You stole her computer, her jewelry, and her credit cards, and bought things from companies around the world.
Yes, they cleaned up the shattered glass you left behind. And they have a new alarm system now, with a fence that nobody can climb.
You too are bound by the laws of karma. I just hope the seeds of karma will soon be destroyed before they grow into a vast, criminal tree.
morning mist . . .
the prisoner’s breath lingers
This haibun (prose and haiku) starts with the worldly possessions of a person whom he loves. The computer, jewelry, and credit cards all show the signs of luxuries that a person possesses. The word ‘stole’ means that a person has either taken away all these luxuries or made her deprived of worldly comfort.
Having only shattered glass left behind indicates the mark of a broken relationship where there is nothing left. So, when someone enjoys worldly possessions by destroying others, their own life becomes more barren and destroyed as the analogy of seeds and trees in this haibun beautifully explains.
The morning mist reflects the confusion and chaos where there is no clear picture of what is right and what is wrong, and what is beyond the thick layer of mist that becomes a barrier. The prisoner’s breath could signify the efforts of an enslaved person who is so lost in worldly possessions and mundane life that they forget the consequences and put their life at stake. The barbed wire is another way of making a person conscious of their deeds whilst committing criminal activities.
Overall, the morning mist is like a ‘pleasure’, the prisoner’s breath is like their ego, and the barbed wire is their superego. The overall imagery of this haibun revolves around seeking pleasure by wrongdoings and eventually being caught up in the web of karma, where things that come around, go around. The pleasure principle takes a person to the verge of destruction where they lose their values, principles, and ethics, which destroys everything just to gain worldly wealth and temporary comfort.
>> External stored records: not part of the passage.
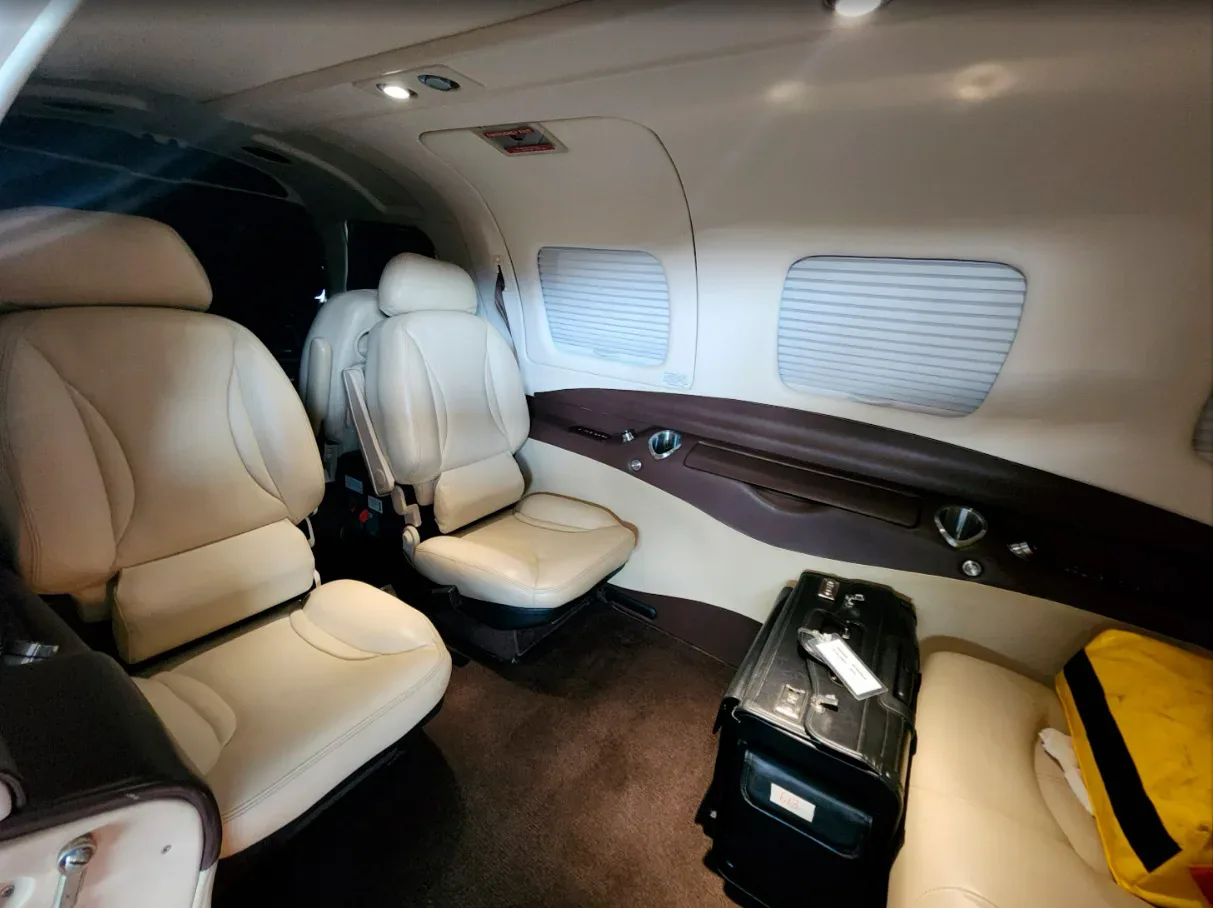 Cabin interior of a 2016 Piper MERIDIAN M500 PA-46-500TP.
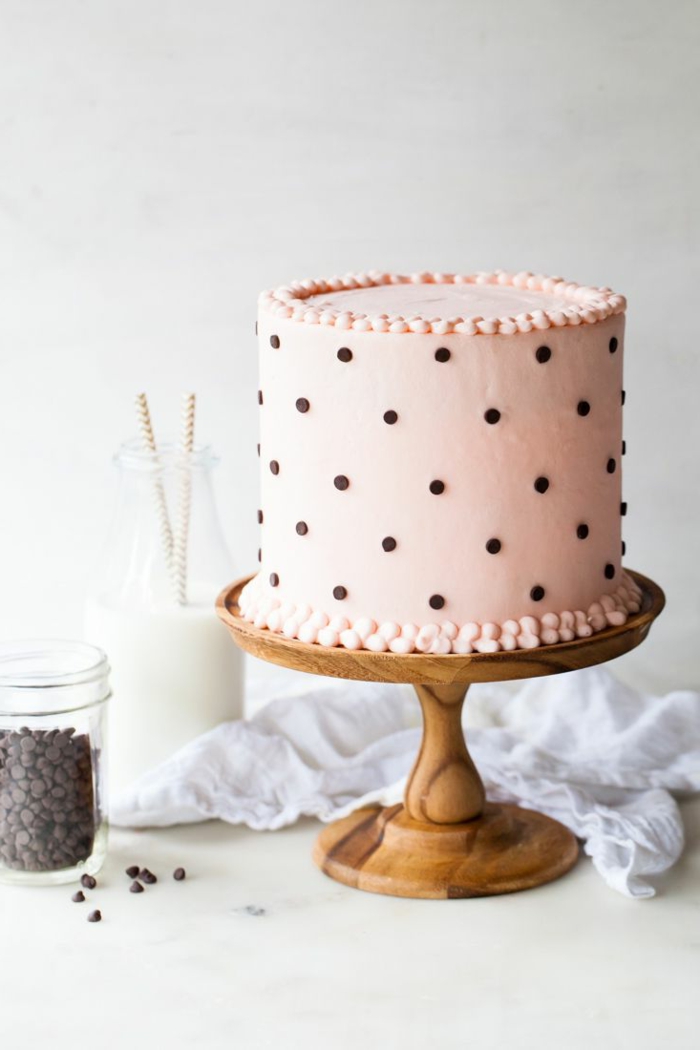 elegante torte zum geburtstag pink mit schokoladenstückchen geburtstagskuchen erwachsene geburtstagstorte selber backen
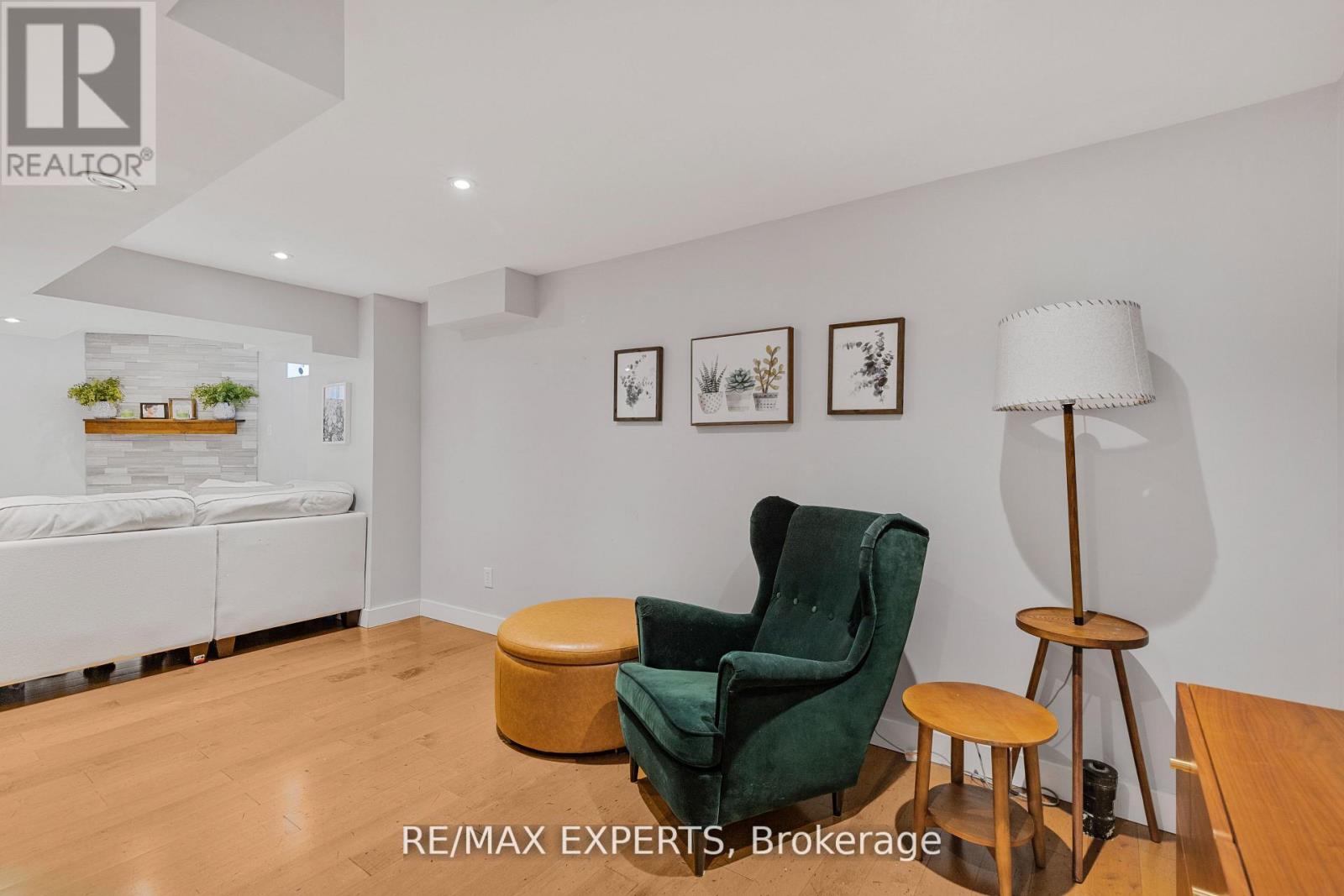 4643 Harbottle Road, Burlington, Ontario  L7M 0E2 - Photo 30 - W12564204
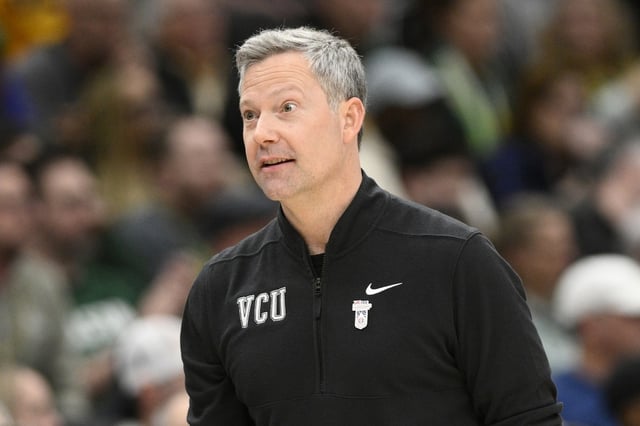 Virginia Commonwealth head coach Ryan Odom in action during the first half of an NCAA college basketball game in the championship of the Atlantic 10 tournament against George Mason, Sunday, March 16, 2025, in Washington. (AP Photo/Nick Wass)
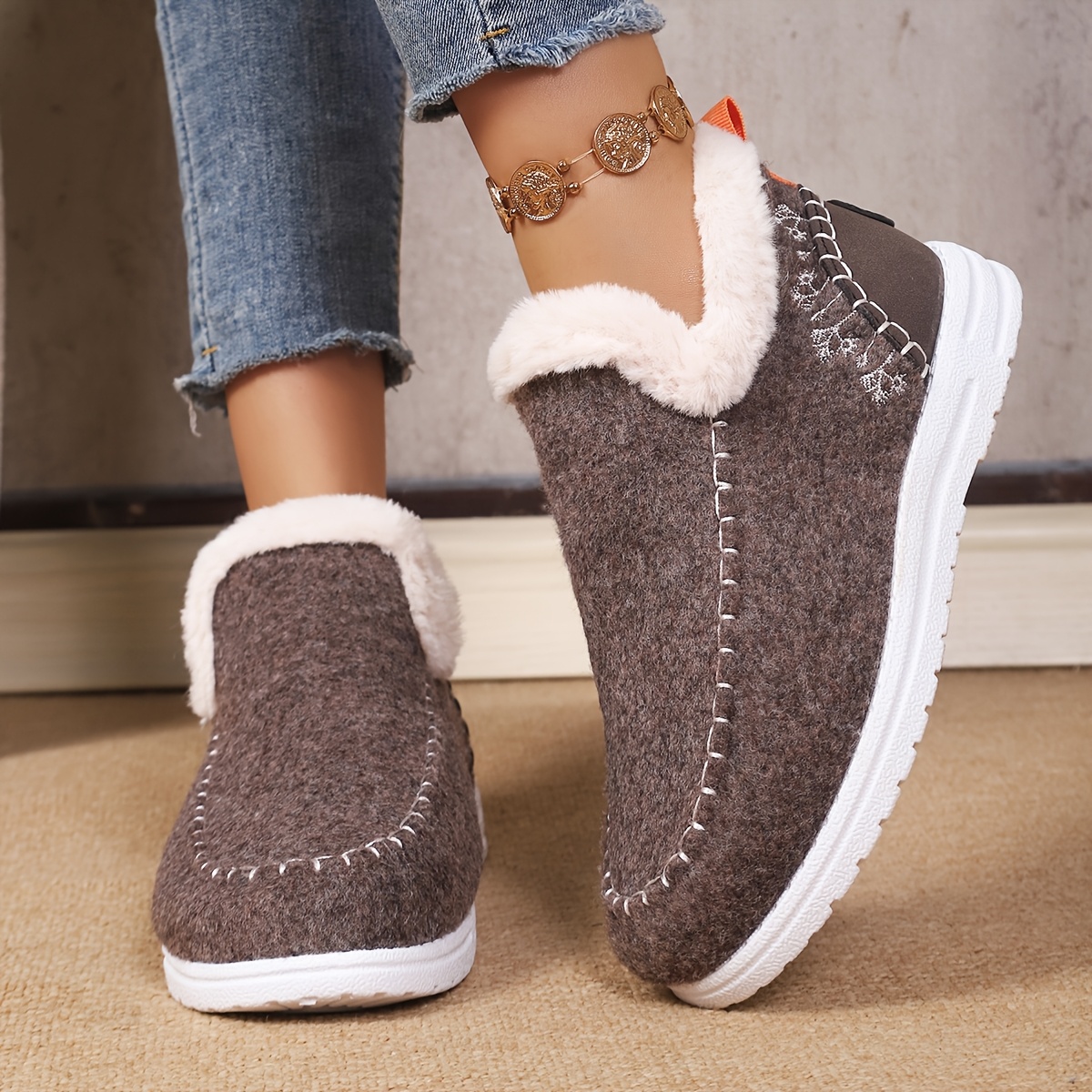 Vintage Tweed Patchwork Plush V-Neck Boots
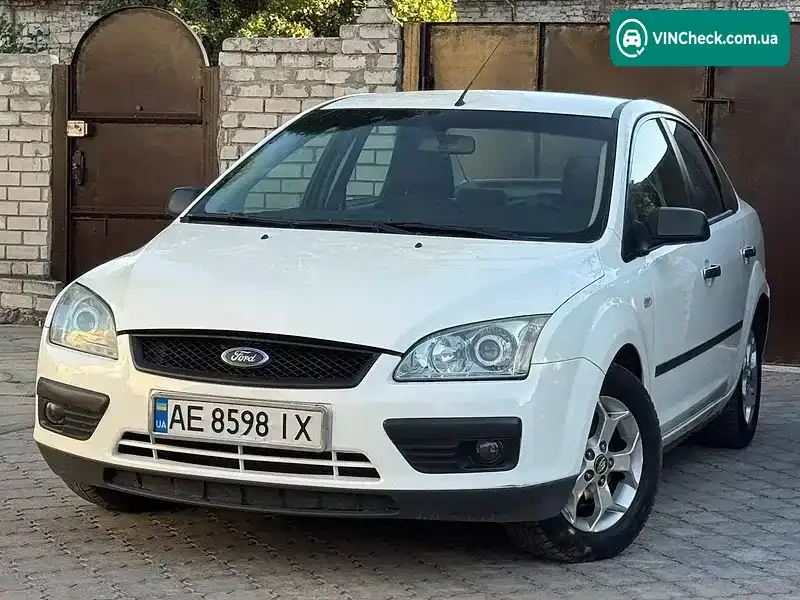 Ford Focus 2006, фото з оголошення 2 з 13, VIN WF04XXWPD46T42452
But when they get caught, they find themselves merely a sign of destruction.
The title of this haibun is quite intriguing as ‘intruder’ is any foreign or outer attraction that takes our focus away from the self, and we get lost into the luxuries of life until we achieve nothing.
– Hifsa Ashraf (Pakistan)
I like how this haibun is laid out into short paragraphs that are no longer than two sentences each. It makes the content easily digestible and stark.
It is interesting how Salzer creates a narrative with the wrongdoing being demonstrated in the prose and the result of that action in the haiku. A lot of times, haibun make a leap of subjects and do not necessarily create a plot. Both methods are viable and in the case of this haibun, it creates pathos.
The morning mist is free and travels where it wills. But with the prisoner, even their breath “lingers above the barbed-wire.” So, this could signify that the criminal in this story is locked away within and without.
With an eye of sound, it is intriguing to note that each paragraph of the prose begins with the letter “y.” Also, in the haiku, we have the alliteration of “m” and a strong string of “r” sounds. The letter “r” is hard and brings about the roughness of life in prison to the reader’s mind.
The meter of the haiku is also punchy and seems to reflect the violence of the criminal’s situation. Take the second line for example: the Prisoner’s Breath Lingers.
I feel that overall, Salzer conveyed a sense of remorse for both of the parties: the victim and the thief. An essential principle of haiku is to covey compassion, and this haibun is a fine example of this idea.